EOD Officers attain expert certification to tackle Unexploded Ordnance


SOLOMON Islands has seen a group of its explosive ordnance disposal (EOD) officers achieve high-level certifications to address the persistent issue of unexploded ordnance (UXOs) in the region.

Fourteen EOD officers within the Royal Solomon Islands Police Force (RSIPF) have recently attained EOD Level 11 certification, while an additional fifteen officers secured Level III certification.

These certifications represent a notable step forward in their expertise and preparedness to handle explosive ordnance effectively.
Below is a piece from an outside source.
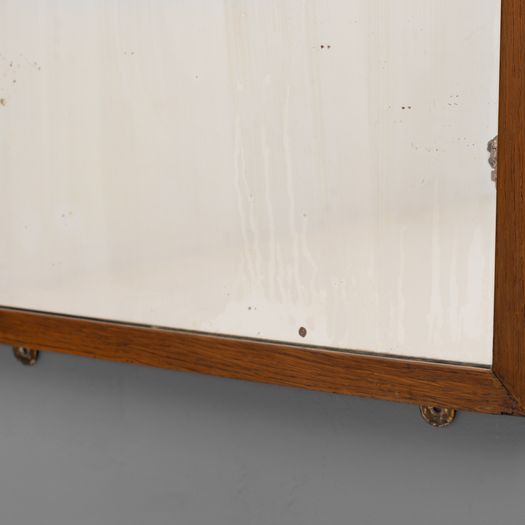 Pair of Oak Framed Mirrors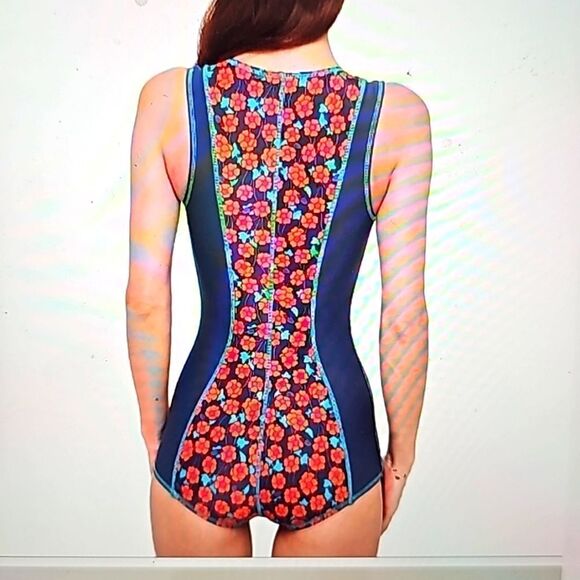 Marc by Marc Jacobs Maysie Floral zip scuba suit S - Picture 2 of 10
This achievement owes a great deal to the American non-profit organization, the Golden West Humanitarian Foundation (GWHF).

The GWHF specializes in developing innovative technologies and strategies to address the technical challenges associated with humanitarian mine clearance.

They provided essential training to the EOD officers, enabling them to obtain these valuable certifications.

The acknowledgment of this accomplishment came from Minister of Police, National Security, and Correctional Services, Anthony Veke, during a session in Parliament on Monday.

Minister Veke expressed pride in the skills and training of the EOD officers, describing them as some of the best-trained experts in the region when it comes to dealing with UXOs.

In a promising turn of events, the U.S Department of Defense has offered its support to further enhance the capabilities and capacity of the EOD teams for UXO removal in the Solomon Islands.

While the exact extent of financial support from the U.S State Department is yet to be determined, Minister Veke anticipates positive discussions on this front.

Furthermore, private entities established by former EOD officers in the Solomon Islands are actively involved in UXO surveying and removal operations.

These organizations operate with the necessary licenses and have the authority to charge fees for their services, contributing to the comprehensive efforts to address the UXO issue.

The Solomon Islands continue to grapple with the consequences of World War II battles that took place in 1942, resulting in a dangerous legacy of UXOs that pose a persistent threat to the safety of the local population.

The recent advancements in training and potential support from the U.S Department of Defense mark significant steps toward addressing this long-standing concern and ensuring the safety of the people in the Solomon Islands.